Each line below from the one containing "Bohrständer, Bohrmaschinenständer mit" through the one containing "Modern Minimalist Rectangular" should be output exactly as it stands, and no other line should appear.

#### The data

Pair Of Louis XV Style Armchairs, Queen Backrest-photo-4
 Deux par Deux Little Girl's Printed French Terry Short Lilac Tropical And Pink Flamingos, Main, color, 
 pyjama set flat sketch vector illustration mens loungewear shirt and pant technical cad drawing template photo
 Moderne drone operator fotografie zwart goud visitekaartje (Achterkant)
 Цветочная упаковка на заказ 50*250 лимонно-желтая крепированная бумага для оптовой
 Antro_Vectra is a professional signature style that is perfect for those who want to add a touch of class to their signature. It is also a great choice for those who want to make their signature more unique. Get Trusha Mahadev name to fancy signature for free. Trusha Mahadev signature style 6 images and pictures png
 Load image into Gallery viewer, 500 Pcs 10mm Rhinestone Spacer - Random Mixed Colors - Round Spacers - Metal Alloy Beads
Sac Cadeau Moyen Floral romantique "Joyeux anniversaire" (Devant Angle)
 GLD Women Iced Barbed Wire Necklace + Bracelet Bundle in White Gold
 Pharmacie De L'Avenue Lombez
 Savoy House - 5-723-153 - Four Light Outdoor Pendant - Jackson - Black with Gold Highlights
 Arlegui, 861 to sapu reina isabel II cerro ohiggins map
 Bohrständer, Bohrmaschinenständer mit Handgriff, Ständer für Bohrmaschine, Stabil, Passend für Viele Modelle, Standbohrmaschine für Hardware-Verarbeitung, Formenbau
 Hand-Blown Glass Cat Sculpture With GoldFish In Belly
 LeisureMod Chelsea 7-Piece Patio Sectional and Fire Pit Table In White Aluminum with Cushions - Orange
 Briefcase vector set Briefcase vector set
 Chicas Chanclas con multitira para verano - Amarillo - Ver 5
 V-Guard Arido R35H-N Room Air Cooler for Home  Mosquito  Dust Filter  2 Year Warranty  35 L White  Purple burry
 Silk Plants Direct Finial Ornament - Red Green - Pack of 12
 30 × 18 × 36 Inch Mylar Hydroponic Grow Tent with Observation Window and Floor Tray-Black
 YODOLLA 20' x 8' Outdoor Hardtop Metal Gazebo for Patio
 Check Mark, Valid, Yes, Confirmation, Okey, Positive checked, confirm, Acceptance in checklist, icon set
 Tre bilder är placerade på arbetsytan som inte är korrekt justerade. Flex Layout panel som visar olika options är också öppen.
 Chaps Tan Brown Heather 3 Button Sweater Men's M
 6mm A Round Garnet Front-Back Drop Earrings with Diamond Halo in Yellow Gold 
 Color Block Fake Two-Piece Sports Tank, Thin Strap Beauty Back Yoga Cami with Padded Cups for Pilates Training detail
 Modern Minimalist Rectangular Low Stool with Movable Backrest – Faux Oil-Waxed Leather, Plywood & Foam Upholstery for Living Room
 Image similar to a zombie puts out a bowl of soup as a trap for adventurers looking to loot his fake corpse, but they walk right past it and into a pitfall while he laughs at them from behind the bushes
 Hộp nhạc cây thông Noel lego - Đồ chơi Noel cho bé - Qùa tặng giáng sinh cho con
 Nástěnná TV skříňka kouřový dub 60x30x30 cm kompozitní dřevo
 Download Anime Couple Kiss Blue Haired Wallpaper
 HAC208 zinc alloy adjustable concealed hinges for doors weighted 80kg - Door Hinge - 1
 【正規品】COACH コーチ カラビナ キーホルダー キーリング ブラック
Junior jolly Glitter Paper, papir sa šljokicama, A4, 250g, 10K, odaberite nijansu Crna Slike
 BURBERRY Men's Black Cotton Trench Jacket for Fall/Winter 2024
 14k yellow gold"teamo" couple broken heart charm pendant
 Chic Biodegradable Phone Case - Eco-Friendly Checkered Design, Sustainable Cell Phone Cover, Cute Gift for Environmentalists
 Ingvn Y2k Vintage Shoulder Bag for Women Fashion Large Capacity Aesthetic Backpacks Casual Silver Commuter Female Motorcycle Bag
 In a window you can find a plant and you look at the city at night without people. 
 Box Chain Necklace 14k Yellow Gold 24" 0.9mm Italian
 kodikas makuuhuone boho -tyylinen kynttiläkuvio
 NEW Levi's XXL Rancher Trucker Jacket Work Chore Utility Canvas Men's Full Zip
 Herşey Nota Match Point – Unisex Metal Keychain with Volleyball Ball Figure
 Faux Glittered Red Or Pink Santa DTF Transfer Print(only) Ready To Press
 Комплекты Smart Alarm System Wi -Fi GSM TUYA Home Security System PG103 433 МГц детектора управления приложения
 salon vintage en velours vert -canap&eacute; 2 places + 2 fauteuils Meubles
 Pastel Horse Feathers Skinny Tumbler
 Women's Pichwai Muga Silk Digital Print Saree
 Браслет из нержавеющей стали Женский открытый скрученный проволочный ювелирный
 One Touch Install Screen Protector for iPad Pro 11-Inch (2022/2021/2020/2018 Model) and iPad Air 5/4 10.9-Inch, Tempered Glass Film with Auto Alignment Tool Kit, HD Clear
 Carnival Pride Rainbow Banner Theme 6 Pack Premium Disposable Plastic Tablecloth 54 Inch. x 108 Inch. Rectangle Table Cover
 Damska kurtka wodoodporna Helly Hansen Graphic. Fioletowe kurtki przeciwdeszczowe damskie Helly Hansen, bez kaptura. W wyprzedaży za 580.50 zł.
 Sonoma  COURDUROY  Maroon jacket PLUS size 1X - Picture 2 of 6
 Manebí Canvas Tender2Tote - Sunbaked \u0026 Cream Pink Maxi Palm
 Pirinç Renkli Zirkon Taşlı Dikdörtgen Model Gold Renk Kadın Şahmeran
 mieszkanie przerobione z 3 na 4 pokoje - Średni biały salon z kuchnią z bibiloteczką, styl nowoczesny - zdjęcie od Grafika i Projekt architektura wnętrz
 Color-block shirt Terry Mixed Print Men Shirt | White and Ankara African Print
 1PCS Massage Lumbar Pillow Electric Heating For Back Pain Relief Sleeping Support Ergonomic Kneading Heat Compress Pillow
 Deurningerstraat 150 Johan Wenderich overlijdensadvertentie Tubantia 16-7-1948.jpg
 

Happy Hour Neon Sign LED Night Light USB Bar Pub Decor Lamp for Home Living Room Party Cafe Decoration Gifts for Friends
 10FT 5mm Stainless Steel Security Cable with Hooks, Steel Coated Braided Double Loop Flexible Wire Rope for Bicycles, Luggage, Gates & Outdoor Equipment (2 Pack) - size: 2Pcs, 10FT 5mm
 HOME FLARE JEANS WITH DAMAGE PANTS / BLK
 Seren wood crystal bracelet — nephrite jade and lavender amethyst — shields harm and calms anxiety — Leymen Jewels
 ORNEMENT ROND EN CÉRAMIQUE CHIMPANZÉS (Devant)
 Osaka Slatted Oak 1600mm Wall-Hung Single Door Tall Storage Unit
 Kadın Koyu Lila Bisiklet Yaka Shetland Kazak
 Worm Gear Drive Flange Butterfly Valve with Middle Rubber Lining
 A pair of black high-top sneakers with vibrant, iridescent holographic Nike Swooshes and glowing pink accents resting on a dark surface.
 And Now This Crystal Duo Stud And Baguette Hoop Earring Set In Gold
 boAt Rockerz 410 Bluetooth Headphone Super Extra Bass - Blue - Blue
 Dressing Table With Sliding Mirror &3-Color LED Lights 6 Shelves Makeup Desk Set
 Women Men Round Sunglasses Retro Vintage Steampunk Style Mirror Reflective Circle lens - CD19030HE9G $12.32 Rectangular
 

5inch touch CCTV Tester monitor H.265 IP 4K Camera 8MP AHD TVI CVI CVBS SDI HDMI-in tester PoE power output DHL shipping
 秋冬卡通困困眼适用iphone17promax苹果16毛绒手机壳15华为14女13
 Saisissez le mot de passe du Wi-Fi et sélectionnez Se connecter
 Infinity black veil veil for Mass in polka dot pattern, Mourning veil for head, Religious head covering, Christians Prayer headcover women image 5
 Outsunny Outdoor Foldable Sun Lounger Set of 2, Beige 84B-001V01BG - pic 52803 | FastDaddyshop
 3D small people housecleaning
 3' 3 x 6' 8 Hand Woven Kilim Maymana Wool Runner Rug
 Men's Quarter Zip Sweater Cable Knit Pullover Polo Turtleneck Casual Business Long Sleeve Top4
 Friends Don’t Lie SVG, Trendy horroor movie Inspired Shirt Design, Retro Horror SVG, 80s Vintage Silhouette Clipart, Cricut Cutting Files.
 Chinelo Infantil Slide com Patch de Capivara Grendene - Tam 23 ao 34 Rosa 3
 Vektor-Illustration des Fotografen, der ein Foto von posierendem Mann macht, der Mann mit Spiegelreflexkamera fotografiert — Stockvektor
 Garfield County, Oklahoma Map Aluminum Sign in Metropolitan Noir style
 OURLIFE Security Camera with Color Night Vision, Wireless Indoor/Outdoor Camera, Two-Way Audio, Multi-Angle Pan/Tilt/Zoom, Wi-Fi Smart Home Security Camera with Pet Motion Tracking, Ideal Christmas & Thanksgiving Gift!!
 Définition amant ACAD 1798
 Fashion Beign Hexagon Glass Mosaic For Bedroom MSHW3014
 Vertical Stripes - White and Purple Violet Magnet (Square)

########

Your solution =>
 Bohrständer, Bohrmaschinenständer mit Handgriff, Ständer für Bohrmaschine, Stabil, Passend für Viele Modelle, Standbohrmaschine für Hardware-Verarbeitung, Formenbau
 Hand-Blown Glass Cat Sculpture With GoldFish In Belly
 LeisureMod Chelsea 7-Piece Patio Sectional and Fire Pit Table In White Aluminum with Cushions - Orange
 Briefcase vector set Briefcase vector set
 Chicas Chanclas con multitira para verano - Amarillo - Ver 5
 V-Guard Arido R35H-N Room Air Cooler for Home  Mosquito  Dust Filter  2 Year Warranty  35 L White  Purple burry
 Silk Plants Direct Finial Ornament - Red Green - Pack of 12
 30 × 18 × 36 Inch Mylar Hydroponic Grow Tent with Observation Window and Floor Tray-Black
 YODOLLA 20' x 8' Outdoor Hardtop Metal Gazebo for Patio
 Check Mark, Valid, Yes, Confirmation, Okey, Positive checked, confirm, Acceptance in checklist, icon set
 Tre bilder är placerade på arbetsytan som inte är korrekt justerade. Flex Layout panel som visar olika options är också öppen.
 Chaps Tan Brown Heather 3 Button Sweater Men's M
 6mm A Round Garnet Front-Back Drop Earrings with Diamond Halo in Yellow Gold 
 Color Block Fake Two-Piece Sports Tank, Thin Strap Beauty Back Yoga Cami with Padded Cups for Pilates Training detail
 Modern Minimalist Rectangular Low Stool with Movable Backrest – Faux Oil-Waxed Leather, Plywood & Foam Upholstery for Living Room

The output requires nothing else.